I struggle not to live in a Gnostic myth. I sometimes think that if the God of the Old Testament existed, he was essentially an incompetent, ill-tempered babysitter left to mind us till we should be ready to meet the real God.

The truth protects itself. Mind is thesis; chaos is antithesis; cosmos is synthesis.

Consciousness is a direction.

What is the significance of my insignificance? What are we here for? Is it for something we must do tomorrow, next week, next year, in a thousand years–someday? If we are here for a purpose, if we are here for a reason, it isn’t a purpose to be fulfilled in some indefinite future. It must be something expected of us as soon as we are capable of making choices. It must come after the terrible knowledge that is the loss of innocence, if it comes at all. Once we are privileged to be innocent no longer, we are expected to fulfill our purpose: to play out the proper Tarot card, the apt symbolism of all our moments; all our choices.

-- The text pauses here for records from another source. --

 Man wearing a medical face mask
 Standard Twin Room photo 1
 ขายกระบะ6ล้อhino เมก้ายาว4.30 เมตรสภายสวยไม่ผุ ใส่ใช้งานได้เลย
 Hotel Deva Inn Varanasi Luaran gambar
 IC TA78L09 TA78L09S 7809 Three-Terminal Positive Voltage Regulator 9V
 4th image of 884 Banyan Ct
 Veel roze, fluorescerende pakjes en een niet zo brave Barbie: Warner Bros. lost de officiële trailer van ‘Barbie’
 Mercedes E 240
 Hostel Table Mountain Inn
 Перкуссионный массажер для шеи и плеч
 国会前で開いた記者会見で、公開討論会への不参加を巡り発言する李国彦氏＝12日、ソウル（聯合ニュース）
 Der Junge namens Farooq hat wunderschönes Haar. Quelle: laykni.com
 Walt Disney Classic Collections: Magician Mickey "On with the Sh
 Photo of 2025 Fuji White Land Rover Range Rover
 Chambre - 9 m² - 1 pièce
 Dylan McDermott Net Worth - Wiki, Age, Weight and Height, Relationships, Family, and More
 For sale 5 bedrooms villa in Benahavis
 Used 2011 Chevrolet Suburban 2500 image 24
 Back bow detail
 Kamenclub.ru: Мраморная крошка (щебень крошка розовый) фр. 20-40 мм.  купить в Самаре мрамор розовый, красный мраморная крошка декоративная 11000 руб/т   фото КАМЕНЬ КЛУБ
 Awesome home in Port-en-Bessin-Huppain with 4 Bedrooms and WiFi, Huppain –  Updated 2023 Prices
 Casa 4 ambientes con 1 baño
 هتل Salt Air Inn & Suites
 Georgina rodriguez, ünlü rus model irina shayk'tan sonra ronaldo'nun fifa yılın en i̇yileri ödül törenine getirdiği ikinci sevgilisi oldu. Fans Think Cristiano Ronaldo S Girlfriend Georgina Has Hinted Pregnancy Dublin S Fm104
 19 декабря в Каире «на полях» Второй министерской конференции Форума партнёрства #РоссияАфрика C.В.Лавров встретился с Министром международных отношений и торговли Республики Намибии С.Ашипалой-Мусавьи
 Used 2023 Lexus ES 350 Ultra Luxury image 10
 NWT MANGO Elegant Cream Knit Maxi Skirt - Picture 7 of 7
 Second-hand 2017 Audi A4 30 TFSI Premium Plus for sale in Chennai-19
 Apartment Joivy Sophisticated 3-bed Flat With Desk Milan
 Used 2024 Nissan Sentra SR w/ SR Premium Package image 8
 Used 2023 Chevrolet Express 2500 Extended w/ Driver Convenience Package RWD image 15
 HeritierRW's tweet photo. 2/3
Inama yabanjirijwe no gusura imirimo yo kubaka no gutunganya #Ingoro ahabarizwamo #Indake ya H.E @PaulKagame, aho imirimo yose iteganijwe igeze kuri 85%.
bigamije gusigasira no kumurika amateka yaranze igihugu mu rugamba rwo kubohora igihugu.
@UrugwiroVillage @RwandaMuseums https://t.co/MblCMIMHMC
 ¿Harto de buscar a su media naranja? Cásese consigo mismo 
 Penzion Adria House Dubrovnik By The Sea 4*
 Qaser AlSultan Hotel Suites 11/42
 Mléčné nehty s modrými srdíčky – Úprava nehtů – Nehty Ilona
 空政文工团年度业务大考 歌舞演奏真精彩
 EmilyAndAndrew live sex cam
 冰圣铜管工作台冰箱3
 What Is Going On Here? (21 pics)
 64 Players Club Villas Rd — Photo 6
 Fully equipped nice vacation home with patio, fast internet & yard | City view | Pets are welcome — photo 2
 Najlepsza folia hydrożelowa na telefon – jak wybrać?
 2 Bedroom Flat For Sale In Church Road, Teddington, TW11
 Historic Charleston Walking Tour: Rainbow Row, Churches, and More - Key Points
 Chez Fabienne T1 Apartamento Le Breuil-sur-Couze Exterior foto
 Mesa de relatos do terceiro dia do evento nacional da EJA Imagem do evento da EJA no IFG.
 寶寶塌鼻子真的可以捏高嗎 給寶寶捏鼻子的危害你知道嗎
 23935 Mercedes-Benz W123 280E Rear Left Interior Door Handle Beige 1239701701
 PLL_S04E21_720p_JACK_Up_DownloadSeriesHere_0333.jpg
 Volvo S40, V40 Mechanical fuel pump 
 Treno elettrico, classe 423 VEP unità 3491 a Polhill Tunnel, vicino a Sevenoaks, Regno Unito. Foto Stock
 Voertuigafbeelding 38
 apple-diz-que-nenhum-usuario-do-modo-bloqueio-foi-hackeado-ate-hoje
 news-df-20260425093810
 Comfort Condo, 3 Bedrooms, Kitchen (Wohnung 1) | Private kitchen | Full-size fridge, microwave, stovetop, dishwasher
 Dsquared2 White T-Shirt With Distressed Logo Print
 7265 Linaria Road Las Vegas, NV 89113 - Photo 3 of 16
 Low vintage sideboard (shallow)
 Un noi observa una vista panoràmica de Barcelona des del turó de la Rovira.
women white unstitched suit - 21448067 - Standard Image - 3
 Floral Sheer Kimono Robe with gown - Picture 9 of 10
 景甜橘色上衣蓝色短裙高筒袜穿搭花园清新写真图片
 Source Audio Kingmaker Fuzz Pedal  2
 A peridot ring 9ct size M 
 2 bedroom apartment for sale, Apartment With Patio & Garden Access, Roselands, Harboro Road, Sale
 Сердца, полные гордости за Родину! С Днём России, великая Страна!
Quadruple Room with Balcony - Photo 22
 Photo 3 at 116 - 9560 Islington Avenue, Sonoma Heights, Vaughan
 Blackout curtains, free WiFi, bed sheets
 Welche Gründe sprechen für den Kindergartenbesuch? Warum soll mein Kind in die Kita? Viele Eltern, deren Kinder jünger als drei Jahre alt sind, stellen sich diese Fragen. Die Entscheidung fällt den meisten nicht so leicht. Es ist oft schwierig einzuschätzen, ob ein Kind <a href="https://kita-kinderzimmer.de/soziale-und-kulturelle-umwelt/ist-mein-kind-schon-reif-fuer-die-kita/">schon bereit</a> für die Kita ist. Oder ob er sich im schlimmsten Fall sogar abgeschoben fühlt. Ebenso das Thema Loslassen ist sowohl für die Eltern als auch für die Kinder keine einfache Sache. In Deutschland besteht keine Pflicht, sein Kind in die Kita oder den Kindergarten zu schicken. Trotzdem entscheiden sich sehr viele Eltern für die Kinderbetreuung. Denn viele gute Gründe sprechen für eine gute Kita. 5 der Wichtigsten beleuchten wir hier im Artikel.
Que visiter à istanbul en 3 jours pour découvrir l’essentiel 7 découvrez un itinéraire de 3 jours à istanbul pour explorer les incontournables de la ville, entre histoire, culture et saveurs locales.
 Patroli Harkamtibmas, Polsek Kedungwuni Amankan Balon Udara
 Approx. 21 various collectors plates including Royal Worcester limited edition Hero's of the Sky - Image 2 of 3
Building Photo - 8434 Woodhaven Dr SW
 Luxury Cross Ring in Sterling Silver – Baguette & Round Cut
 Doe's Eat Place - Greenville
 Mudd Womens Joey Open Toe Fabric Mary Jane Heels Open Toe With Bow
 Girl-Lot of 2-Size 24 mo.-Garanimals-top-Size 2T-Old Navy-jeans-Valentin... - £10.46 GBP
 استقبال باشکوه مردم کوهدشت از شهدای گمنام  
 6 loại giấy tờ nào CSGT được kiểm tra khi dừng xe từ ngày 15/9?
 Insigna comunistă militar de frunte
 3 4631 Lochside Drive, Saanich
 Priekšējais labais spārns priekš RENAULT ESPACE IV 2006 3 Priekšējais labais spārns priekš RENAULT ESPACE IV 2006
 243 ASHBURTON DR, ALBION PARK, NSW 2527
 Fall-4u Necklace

When we try to see ourselves as we are, to know ourselves, we have to remember that if it’s never somewhat painful, then it can never be fully true. There is the plumb line to measure straightness: the suffering accompanying honest self knowledge.

Don’t listen to those who say regret nothing. Treasure your regrets. They are the cold coin of learning.

Some people are just fear in tandem with appetites, nothing more.